Furthermore, the PL+US study found that low-wage workers are often left out of family leave policies, though they are often the ones who need the financial support the most. For example, Walmart, the U.S.’s largest employer, confirmed that they provide paid leave to salaried employees, but not to hourly employees.

The Business Case For Paid Leave

An earlier study by the Center for Economic and Policy Research found that 89% of business owners in California reported either positive or no negative effects on productivity after the state guaranteed six weeks of paid time off for new mothers. Furthermore, 93% agreed it had a positive or no negative impact on turnover, and 99% said the same about employee morale. At the same time, parental leave policies can help level the playing field for new moms and dads, and allow employees to return to work less stressed out and better rested, which ultimately works in the employer’s favor.

“The several months it would take to find a replacement, along with the cost of manpower to recruit and interview, heavily outweighs the cost of providing this benefit,” ZestFinance’s chief people officer, Sonya Merrill, told Fast Company earlier this year, shortly after the company extended its paid parental leave policy to six months.

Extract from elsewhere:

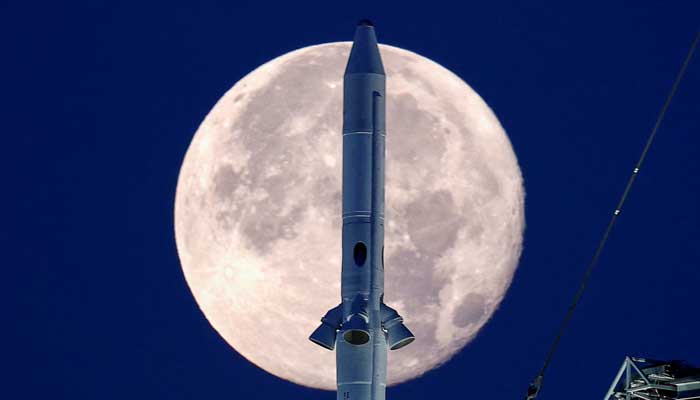 A full moon, known as the Strawberry Moon is shown with the top of NASA’s next-generation moon rocket, the Space Launch System Artemis 1, at the Kennedy Space Center in Cape Canaveral, Florida, US. — Reuters/File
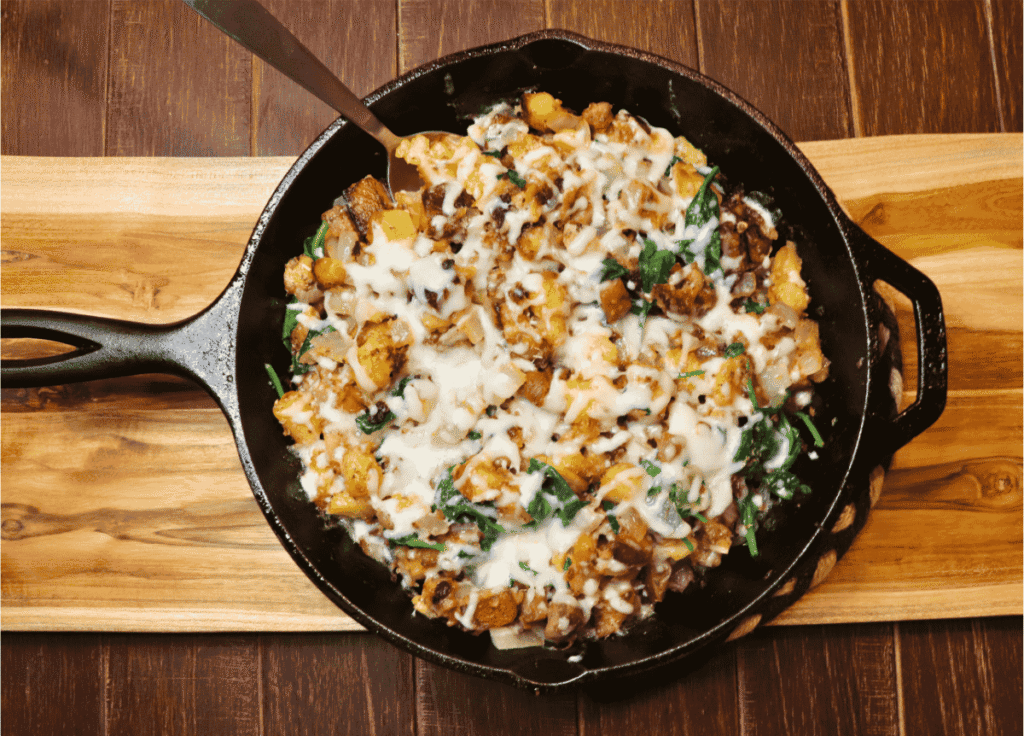 German potato skillet recipe completed with melted cheese on top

The U.S. and Papua New Guinea currently remain the only industrialized nations in the world that don’t offer guaranteed paid leave of any kind, which was a key talking point for candidates of both major parties during the presidential election. President-elect Donald Trump proposed a policy that would offer six weeks of paid maternity leave to new mothers whose employers do not provide coverage, but some experts have suggested it will be up to employers to set the social policy standards in this deeply divided political landscape.

“What’s likely to happen in 2017, as more and more companies go down that path of setting what that standard is, it will set a de facto social policy,” Brian Kropp, the human resources practice leader for CEB, recently told Fast Company. Kropp explained that many have given up hope in the government stepping in to expand family leave policies nationwide, and are instead looking to private companies to take the matter into their own hands. “That will have a bigger impact on social policy than what government can accomplish in a dysfunctional Washington,” he said.

But with a majority of the U.S.’s top employers offering no leave, unbalanced policies, or refusing to disclose their family leave policies publicly, it’s difficult to remain hopeful that the private sector will move any quicker on the issue.